Training dynamics of a failed and a successful FP8DPA run. Kurtosis exhibits atypical behaviour much earlier than when the loss diverged.

End-to-end FP8 pre-training

  • No other tested architecture was able to surpass the 20B token mark without diverging at any scale.
  • FOG architectures ensure robust and efficient FP8DPA training in all tested settings.

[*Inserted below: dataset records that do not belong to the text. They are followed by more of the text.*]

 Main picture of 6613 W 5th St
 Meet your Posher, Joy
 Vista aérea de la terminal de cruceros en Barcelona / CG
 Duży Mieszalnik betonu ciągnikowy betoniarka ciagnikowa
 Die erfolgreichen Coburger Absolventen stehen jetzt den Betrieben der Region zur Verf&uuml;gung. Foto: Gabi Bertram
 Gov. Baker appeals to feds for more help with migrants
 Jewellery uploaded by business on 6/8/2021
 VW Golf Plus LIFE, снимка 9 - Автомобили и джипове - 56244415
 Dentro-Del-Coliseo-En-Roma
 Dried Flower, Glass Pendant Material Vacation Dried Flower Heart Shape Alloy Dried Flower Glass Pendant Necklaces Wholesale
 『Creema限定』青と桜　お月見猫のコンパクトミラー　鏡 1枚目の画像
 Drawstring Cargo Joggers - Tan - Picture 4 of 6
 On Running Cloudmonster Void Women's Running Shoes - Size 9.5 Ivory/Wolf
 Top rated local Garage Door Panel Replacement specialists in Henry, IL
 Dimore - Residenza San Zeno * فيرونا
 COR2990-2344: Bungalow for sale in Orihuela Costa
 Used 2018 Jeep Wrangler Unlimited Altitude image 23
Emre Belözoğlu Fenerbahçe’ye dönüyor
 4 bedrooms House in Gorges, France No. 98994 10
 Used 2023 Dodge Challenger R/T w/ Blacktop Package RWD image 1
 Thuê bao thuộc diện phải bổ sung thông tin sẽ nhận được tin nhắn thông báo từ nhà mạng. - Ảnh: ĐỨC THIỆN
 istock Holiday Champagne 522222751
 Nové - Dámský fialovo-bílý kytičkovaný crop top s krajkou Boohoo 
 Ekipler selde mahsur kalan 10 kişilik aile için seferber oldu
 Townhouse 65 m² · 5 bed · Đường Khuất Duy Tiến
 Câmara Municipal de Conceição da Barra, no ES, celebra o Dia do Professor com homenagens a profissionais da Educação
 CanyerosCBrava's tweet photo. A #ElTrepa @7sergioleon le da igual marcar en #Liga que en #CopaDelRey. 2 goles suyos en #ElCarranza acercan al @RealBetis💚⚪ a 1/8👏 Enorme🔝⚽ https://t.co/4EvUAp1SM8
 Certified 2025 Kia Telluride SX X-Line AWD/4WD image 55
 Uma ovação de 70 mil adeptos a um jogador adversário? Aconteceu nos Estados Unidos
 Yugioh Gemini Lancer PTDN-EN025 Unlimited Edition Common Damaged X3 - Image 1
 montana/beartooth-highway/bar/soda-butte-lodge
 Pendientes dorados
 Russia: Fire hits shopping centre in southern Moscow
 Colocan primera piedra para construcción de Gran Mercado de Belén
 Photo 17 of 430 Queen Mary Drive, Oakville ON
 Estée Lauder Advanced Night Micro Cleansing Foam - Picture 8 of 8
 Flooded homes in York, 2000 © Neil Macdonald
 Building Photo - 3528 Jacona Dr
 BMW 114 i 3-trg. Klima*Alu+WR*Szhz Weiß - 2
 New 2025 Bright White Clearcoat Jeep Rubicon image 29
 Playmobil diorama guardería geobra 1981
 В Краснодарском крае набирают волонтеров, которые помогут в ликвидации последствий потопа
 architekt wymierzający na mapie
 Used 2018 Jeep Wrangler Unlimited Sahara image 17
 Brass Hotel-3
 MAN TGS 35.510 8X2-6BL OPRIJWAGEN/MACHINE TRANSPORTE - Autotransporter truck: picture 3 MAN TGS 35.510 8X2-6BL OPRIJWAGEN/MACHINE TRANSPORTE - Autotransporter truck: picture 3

Cross-entropy loss plots of different architectures with FP8DPA training.

Long-data regime

  • We stress-test FOG-max 1B to train with over 450B tokens, 15x chinchilla-optimal.

Downstream performance

  • We observe comparable downstream performance.
Size Model BF16 (%) FP8DPA (%)
390M Llama3 39.8
 -
FOG-max 41.2 40.8
FOG-opt 40.9 40.4
FOG-flash 40.5 40.3
1B Llama3 46.1
 -
FOG-max 46.0 47.1
FOG-opt 45.7 46.0
FOG-flash 45.7 44.9
Table 1: Average downstream performance of models trained with BF16 and FP8DPA precision.

Efficiency

Size Model Precision Throughput vs BF16 baseline
8B Llama3 BF16 +0.0%
Llama3+SmoothSwiGLU FP8 +34.3%
FOG-max FP8DPA +35.5%
FOG-opt FP8DPA +36.3%
FOG-flash FP8DPA +40.2%
390M Llama3 BF16 +0.0%
Llama3+SmoothSwiGLU FP8 +18.1%
FOG-max FP8DPA +15.2%
FOG-opt FP8DPA +15.9%
FOG-flash FP8DPA +18.0%
Table 2: Throughput gains.

Long-context efficiency

  • Throughput benefits increase even more with longer context lengths!
Context TP FOG-flash Llama3+SmoothSwiGLU
4096 1 +42.6% +38.5%
8192 1 +43.5% OOM
8192 2 +39.1% +34.2%
16384 2 +38.8% +31.1%
Table 3: Long-context throughput gains compared to the BF16 Llama3 8B baseline. TP is the tensor parallel size.

Other FP8 recipes

  • Due to the small overhead of the tensorwise delayed scaling recipe and enabling FP8DPA, our approach provides better throughputs.
Model Precision FP8 recipe Throughput vs BF16 baseline
Llama3 BF16 N/A +0.0%
Llama3 FP8 Blockwise +17.9%
OP FP8 Delayed +28.1%
Llama3+SmoothSwiGLU FP8 Delayed +38.2%
FOG-flash FP8DPA Delayed +42.6%
Table 4: Throughput gains when using different FP8 recipes on 8B models.